Start of Extracted records
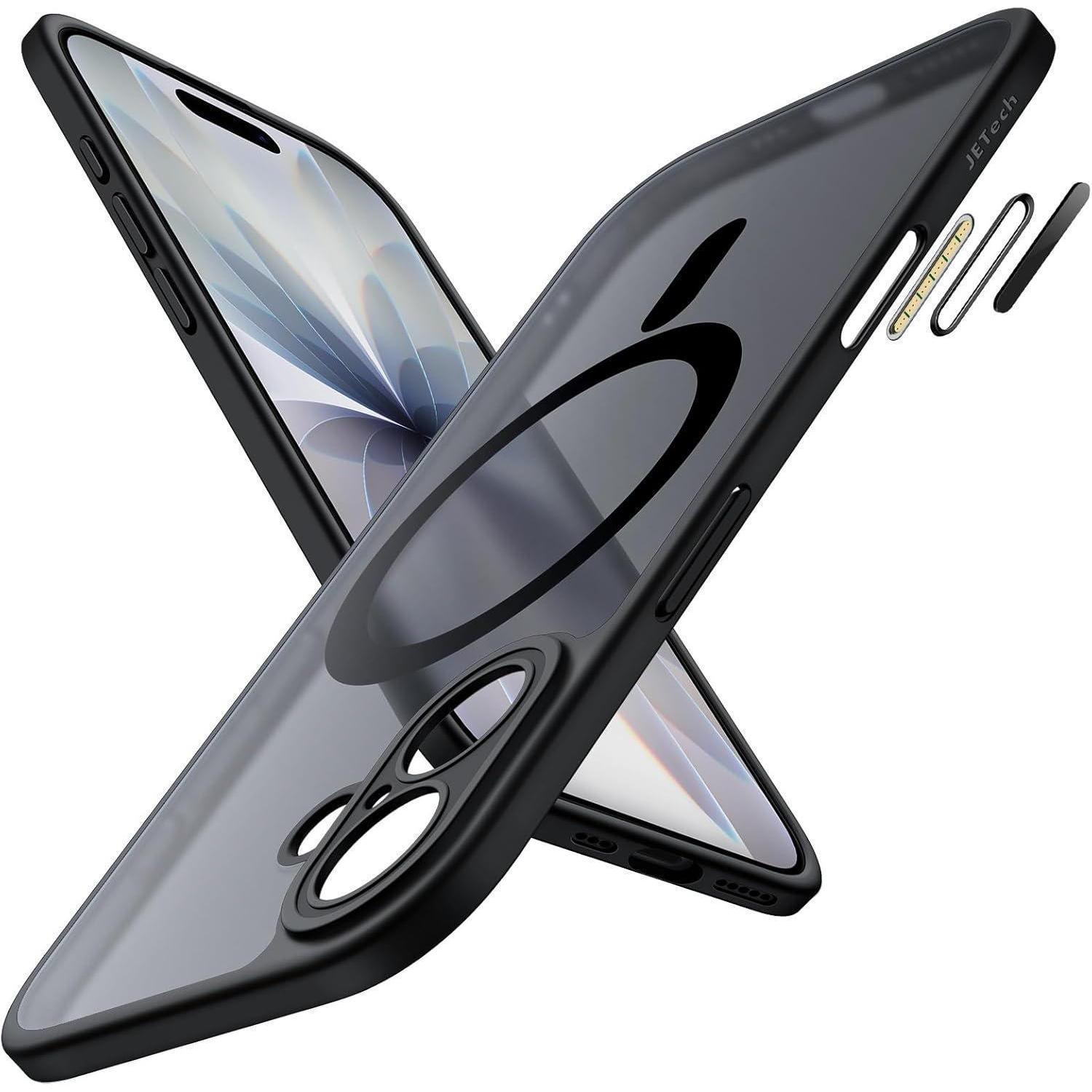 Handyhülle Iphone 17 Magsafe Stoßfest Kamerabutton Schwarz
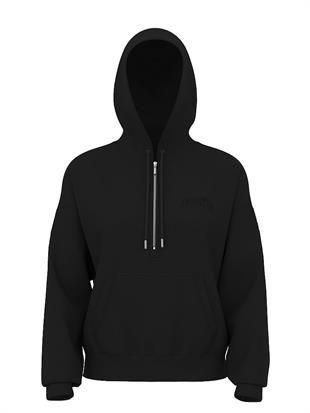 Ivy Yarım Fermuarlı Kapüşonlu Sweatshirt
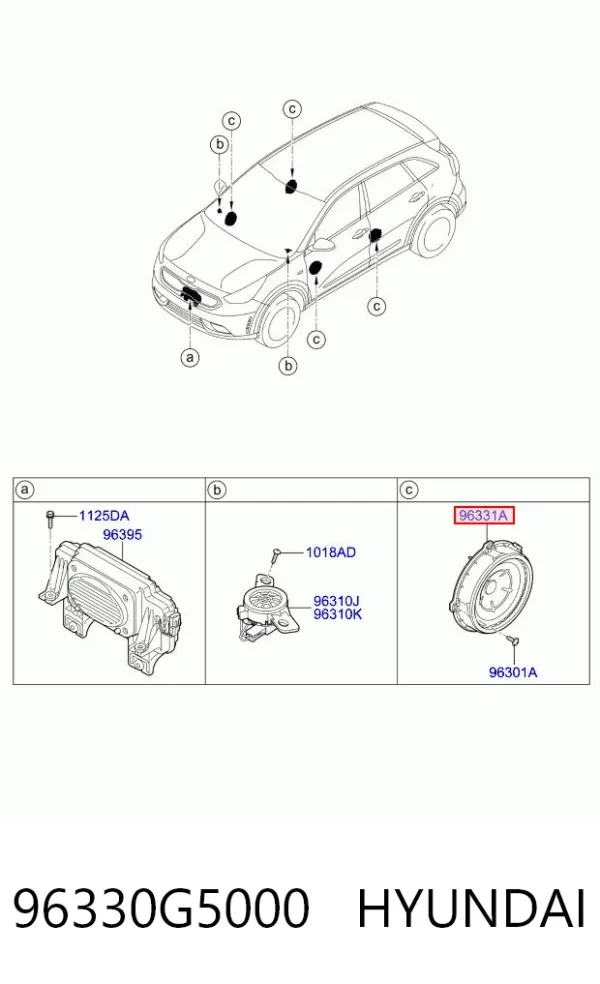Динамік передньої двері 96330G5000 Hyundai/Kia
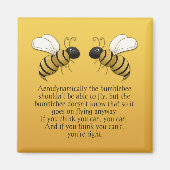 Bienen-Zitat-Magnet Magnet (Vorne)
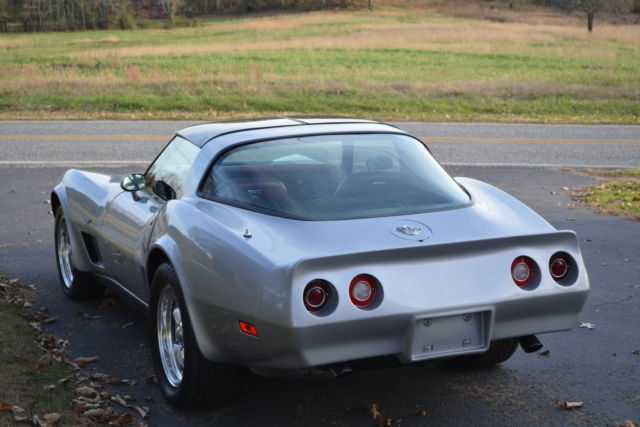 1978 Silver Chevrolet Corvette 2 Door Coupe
End of Extracted records
Start of Extracted records
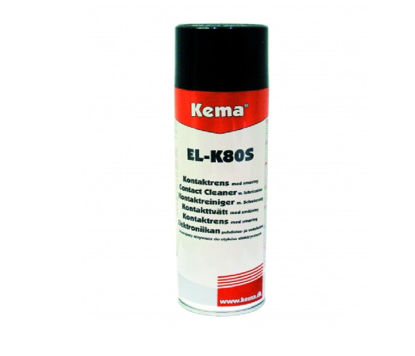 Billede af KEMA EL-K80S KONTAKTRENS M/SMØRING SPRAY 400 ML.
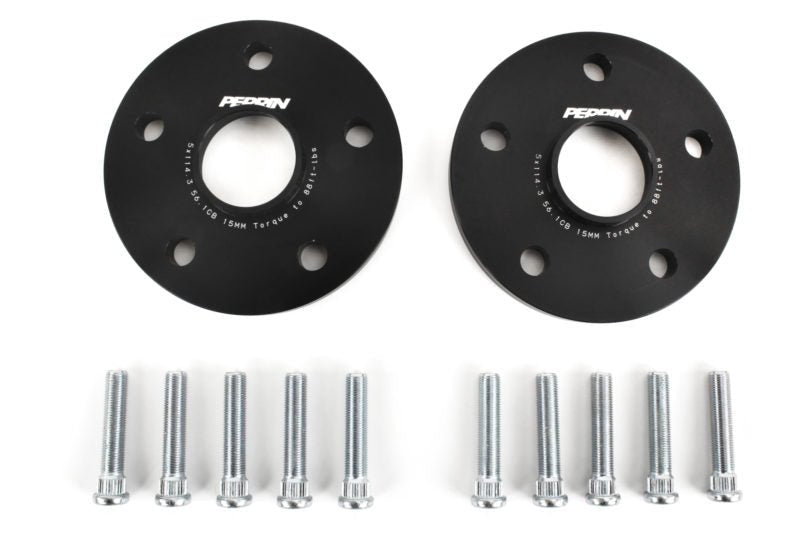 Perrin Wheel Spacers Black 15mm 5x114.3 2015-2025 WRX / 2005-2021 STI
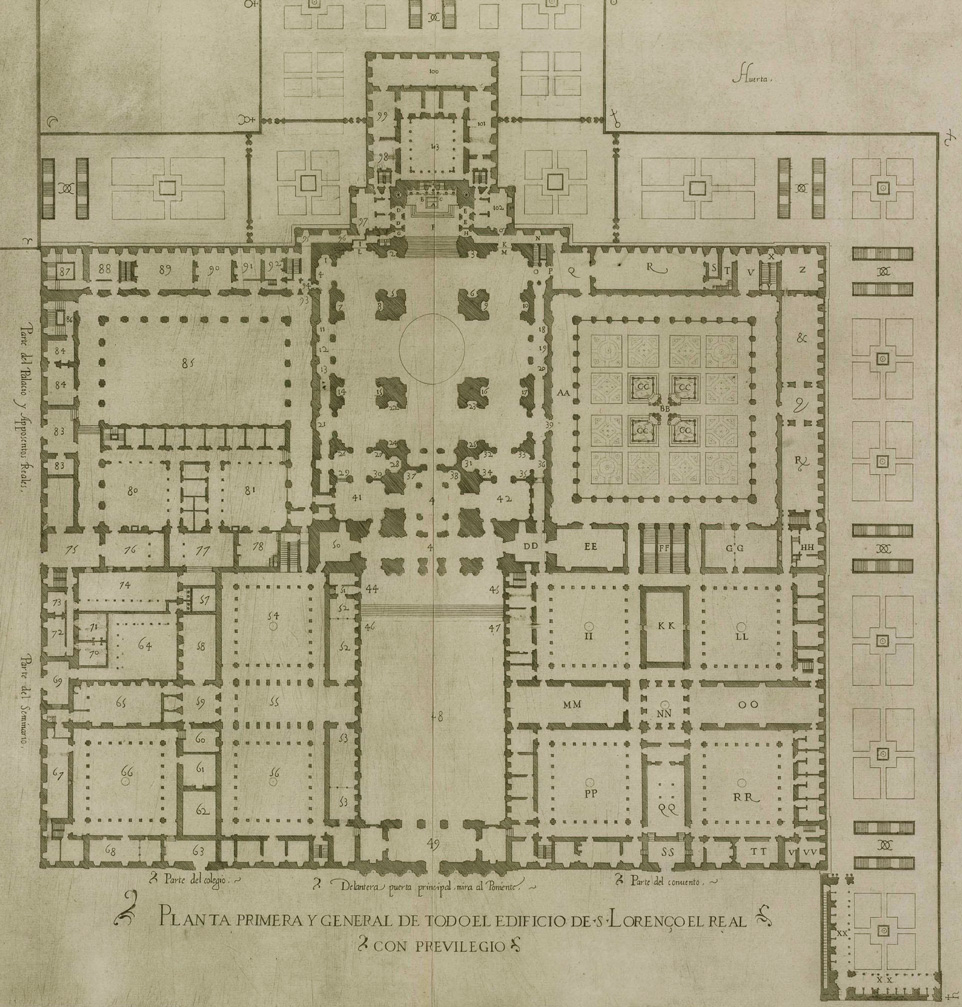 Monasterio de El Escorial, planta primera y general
End of Extracted records
Work request
Starting at the line with "Handyhülle Iphone 17" and finishing at the line with "1978 Silver Chevrolet Corvette 2 Door Coupe", copy the material above exactly, both lines included. Nothing else goes in, and no pictures.

Written answer
 Handyhülle Iphone 17 Magsafe Stoßfest Kamerabutton Schwarz
 Ivy Yarım Fermuarlı Kapüşonlu Sweatshirt
Динамік передньої двері 96330G5000 Hyundai/Kia
 Bienen-Zitat-Magnet Magnet (Vorne)
 1978 Silver Chevrolet Corvette 2 Door Coupe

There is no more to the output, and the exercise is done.